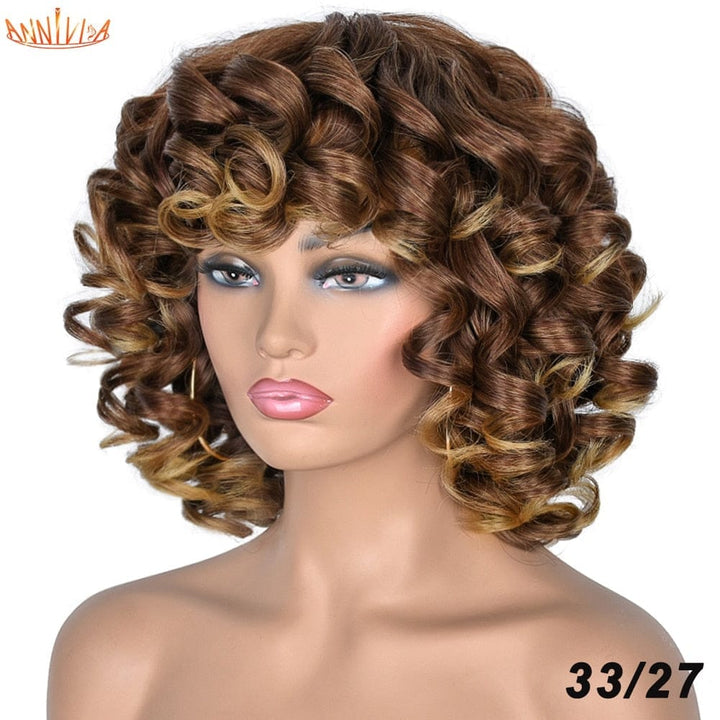 Short Hair Afro Curly Synthetic Ombre Glueless Cosplay Wigs BENNYS 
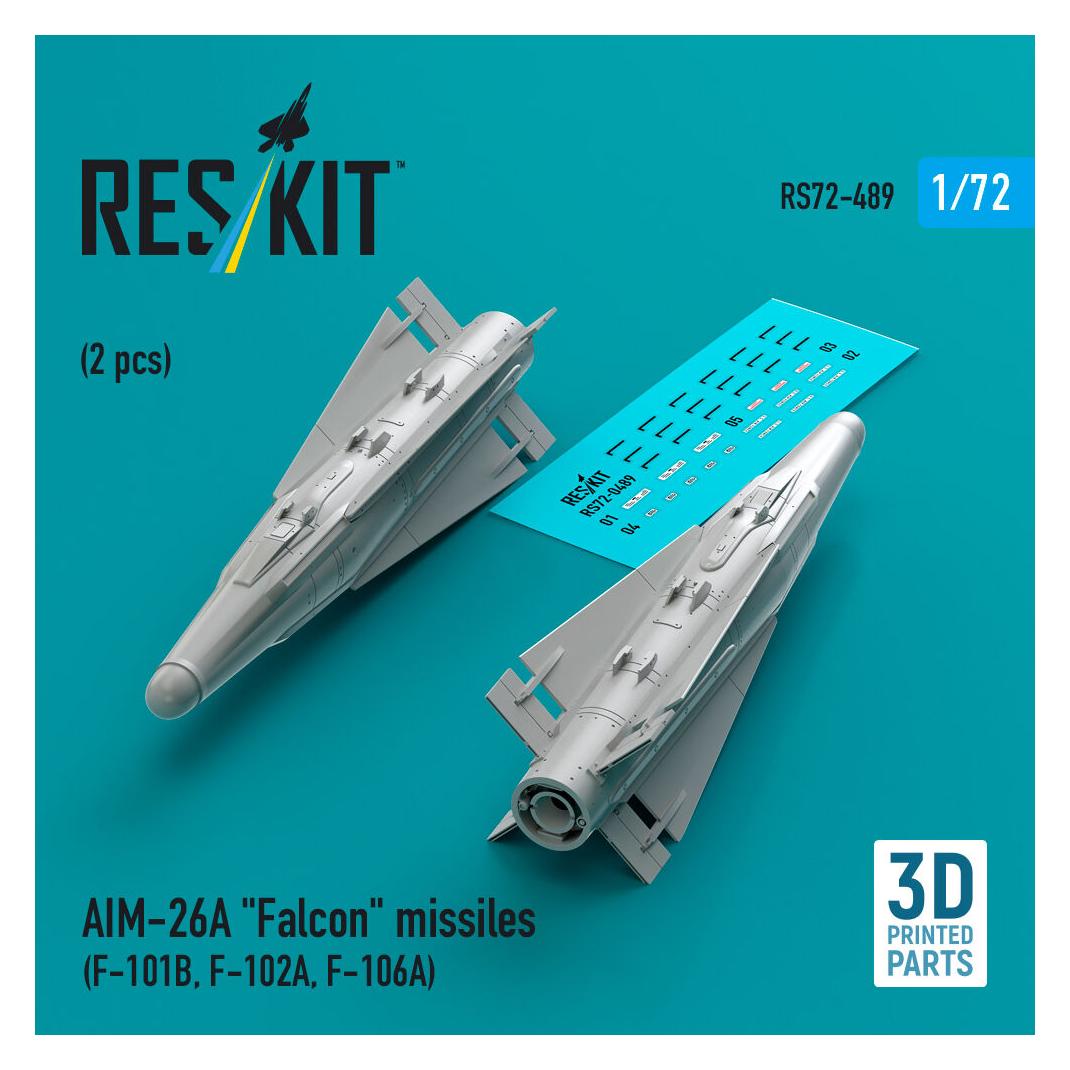 ResKit AIM-26A Falcon missiles (2 pcs) (F-101B, F-102A, F-106A) (3D Printed) (RS72-0489)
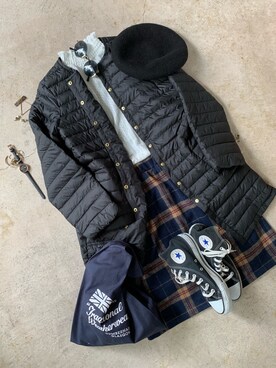 「Traditional Weatherwear（トラディショナルウェザーウェア）のTOTE BAG（トートバッグ）」を使った、トレンド服のイタフラさん（レディース・161cm）の秋コーディネート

━━━━━━━━━━━━━━━━━━━━━━━━━━━━━━

◆ Problem description:
Starting at the line that contains "ResKit AIM-26A Falcon", retype each line through the final one in the listing, with both ends kept and the pictures omitted.

◆ Answer for this exercise:
 ResKit AIM-26A Falcon missiles (2 pcs) (F-101B, F-102A, F-106A) (3D Printed) (RS72-0489)
 「Traditional Weatherwear（トラディショナルウェザーウェア）のTOTE BAG（トートバッグ）」を使った、トレンド服のイタフラさん（レディース・161cm）の秋コーディネート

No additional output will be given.